* _Instructions to follow_
Your job is to retype the records exactly while dropping every picture.

* _Dataset entries_
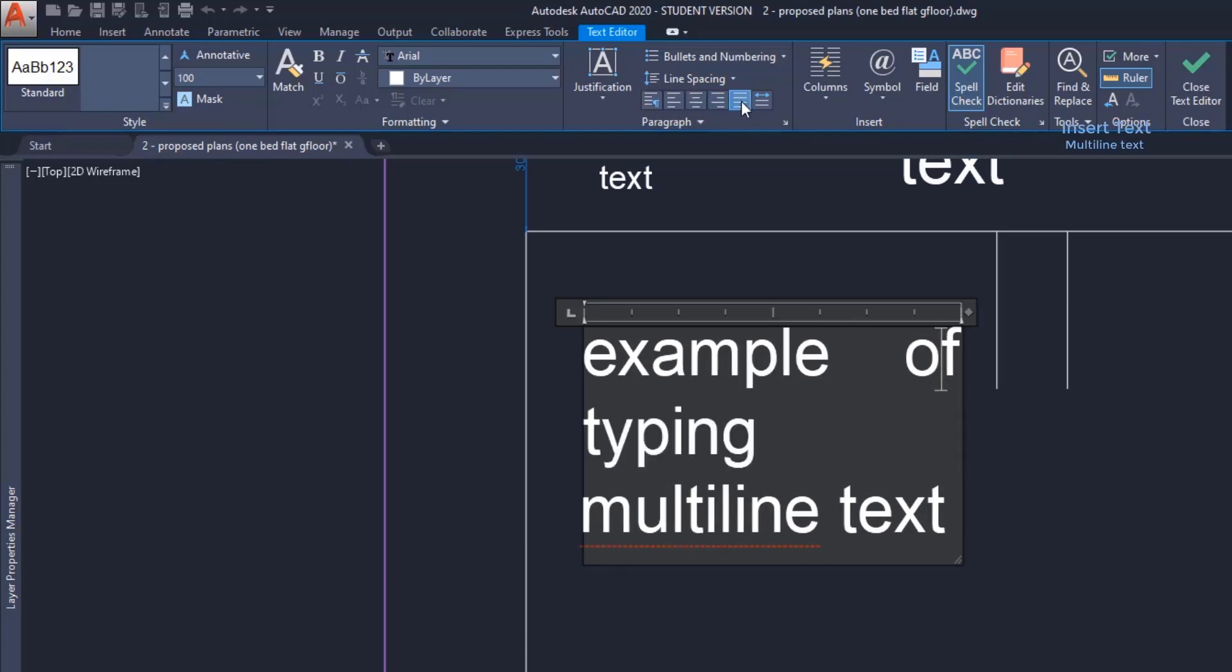If I want to change the height, I need to select the text and change it here.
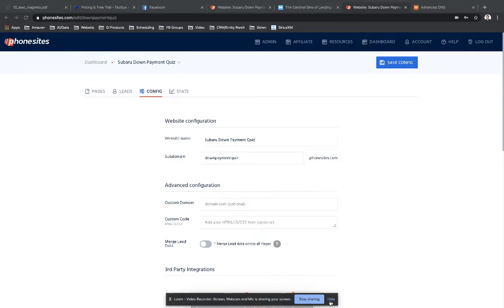Hey, PhoneSites users. So let's assume that you have purchased a domain through Namecheap. If you want to set up your custom domain to point to PhoneSites for your site that you've set up, it's pretty simple.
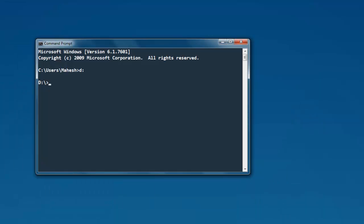Once you do that, all you have to do is open your command prompt. Then go to the directory where you want to have your Meteor project.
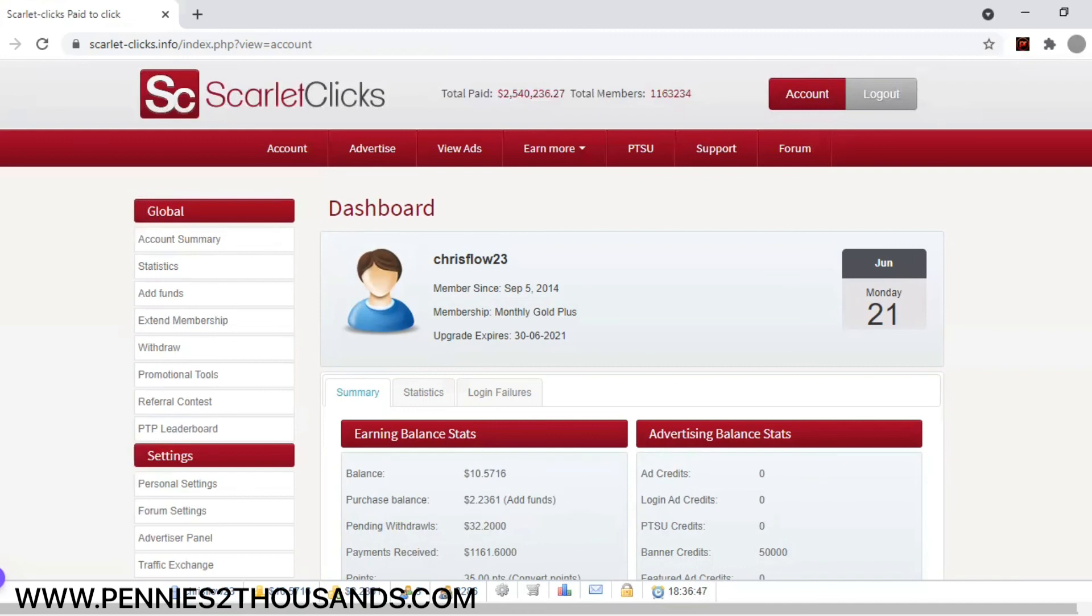So get started with that today. The link to this site will be in the description. Book a session. That link will also be in the description. Get started. That way you can start making some real money online, $150 a day to be exact. And always remember, every penny counts.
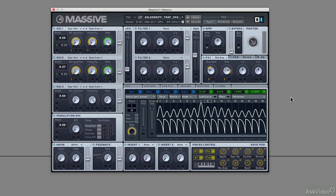In this tutorial, I'm going to deconstruct the sound of this wobble lead I made, which sounds a little bit like a spaceship.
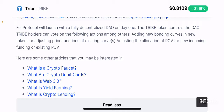If you have TRIBE tokens, you can vote on specific functions such as adding new bonding curves for new tokens — meaning you have a say on whether a bonding curve needs to be added for certain tokens on the platform. You can also vote on adjusting price functions of existing curves, and on adjusting the allocation of PCV for new incoming funding or existing PCV. We'll discuss what PCV means in a moment.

* _Answer area_
If I want to change the height, I need to select the text and change it here.
Hey, PhoneSites users. So let's assume that you have purchased a domain through Namecheap. If you want to set up your custom domain to point to PhoneSites for your site that you've set up, it's pretty simple.
Once you do that, all you have to do is open your command prompt. Then go to the directory where you want to have your Meteor project.
So get started with that today. The link to this site will be in the description. Book a session. That link will also be in the description. Get started. That way you can start making some real money online, $150 a day to be exact. And always remember, every penny counts.
In this tutorial, I'm going to deconstruct the sound of this wobble lead I made, which sounds a little bit like a spaceship.
If you have TRIBE tokens, you can vote on specific functions such as adding new bonding curves for new tokens — meaning you have a say on whether a bonding curve needs to be added for certain tokens on the platform. You can also vote on adjusting price functions of existing curves, and on adjusting the allocation of PCV for new incoming funding or existing PCV. We'll discuss what PCV means in a moment.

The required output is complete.